Get too comfortable and you’re going to stop. It’s that sneaking belief that it could have been better that makes you try again, and again, and again, because resting on laurels, real or imagined, is never enough. It doesn’t make for an easy life, but I’ve yet to meet a creative person who feels totally satisfied by the last thing they did, and who doesn’t wince a bit over the early stuff. There’s a difference between having a desire to do better, and never being able to trust your own judgement and creativity.
The little voices say you are rubbish and bound to fail. You can’t even sing in tune you sound like a cat. You’re not pretty enough. You didn’t go to the right university, and you didn’t study the right subject. You don’t have the right friends, and you aren’t smart enough to handle the industry. Basically you’re going to make a total fool of yourself if you try, and we’re telling you this for your own good, to spare you the inevitable humiliation that will come if you keep down this stupid route.
The little voices say this is not a proper job, you’re lazy and sponging, no one will ever pay you for the worthless stuff you do/create. People like you are ten a penny, get over it. You’re not special, you’re not even good, you will fail. And we will be there, when you’re flat on your face, to say ‘I told you so’ and have a good laugh. Looser.
These are not imaginary voices. These are people, and I have a nasty suspicion that anyone who tries to be creative, picks up some of these along the way.
Last week I fell apart, for lots of reasons. I let the little voices in. I let them shout all their usual rubbish in my head just the way they announced it whenever it was first aired. Smug and self important voices. Disappointed voices. I rolled up in a little ball, ready to admit that they were all right about me and that I should never have tried.

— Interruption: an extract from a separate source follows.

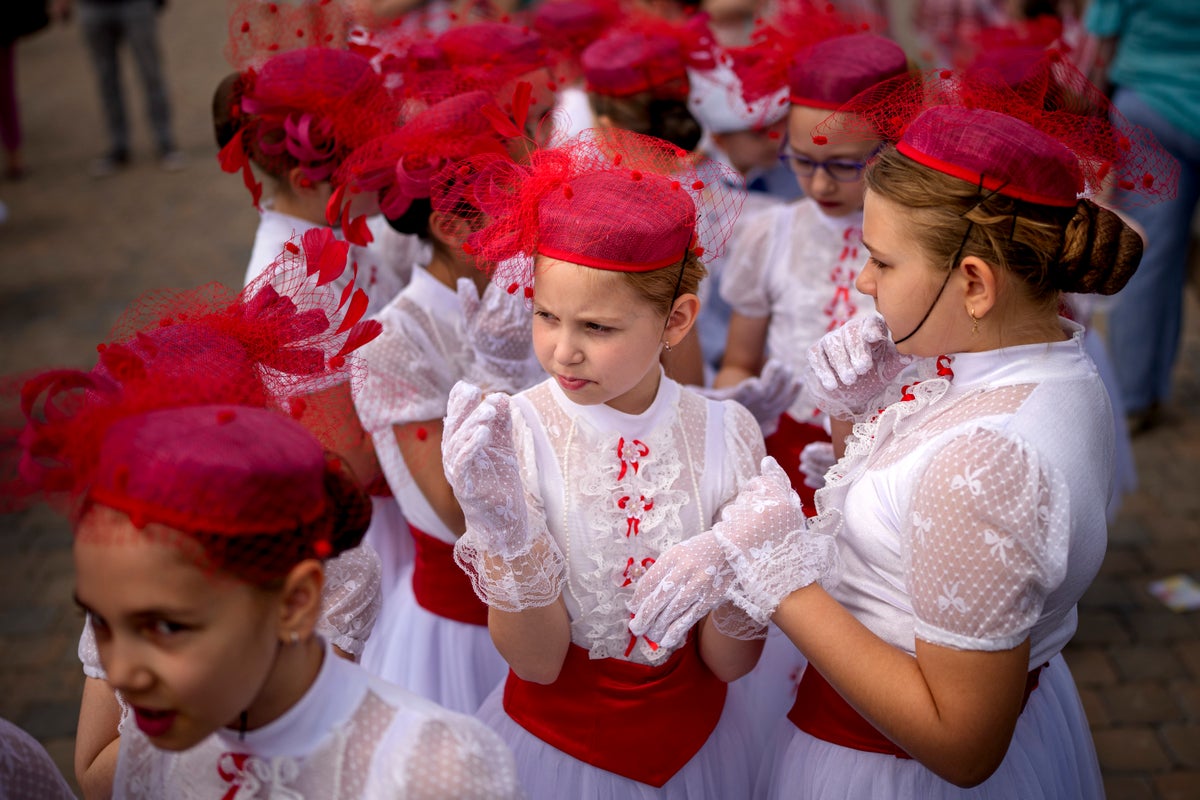 AP PHOTOS: Romanian children celebrate International Children’s Day at the Palace of Parliament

Then that other thing happened, that stunning rush of other voices, here on the blog, on facebook, google+ twitter, by email and text, people got in touch with me. A veritable tidal wave of other voices, saying you have, and you can and you will, and some offering help, and direction.
It felt a bit like that moment in Peter Pan, where Tinkerbell is dying, and Peter asks all the children to clap their hands if they believe in fairies, and they do, and she lives. Looking around I realise there are a lot of Tinkerbells out there, spirits of hope and creativity, or inspiration and magic, that are all too easily poisoned, and very much in need of the clapping. I am humbled by what happened last week. I’ve had to sit with it quietly for some days, making sense, getting to a place of being coherent enough to talk about it.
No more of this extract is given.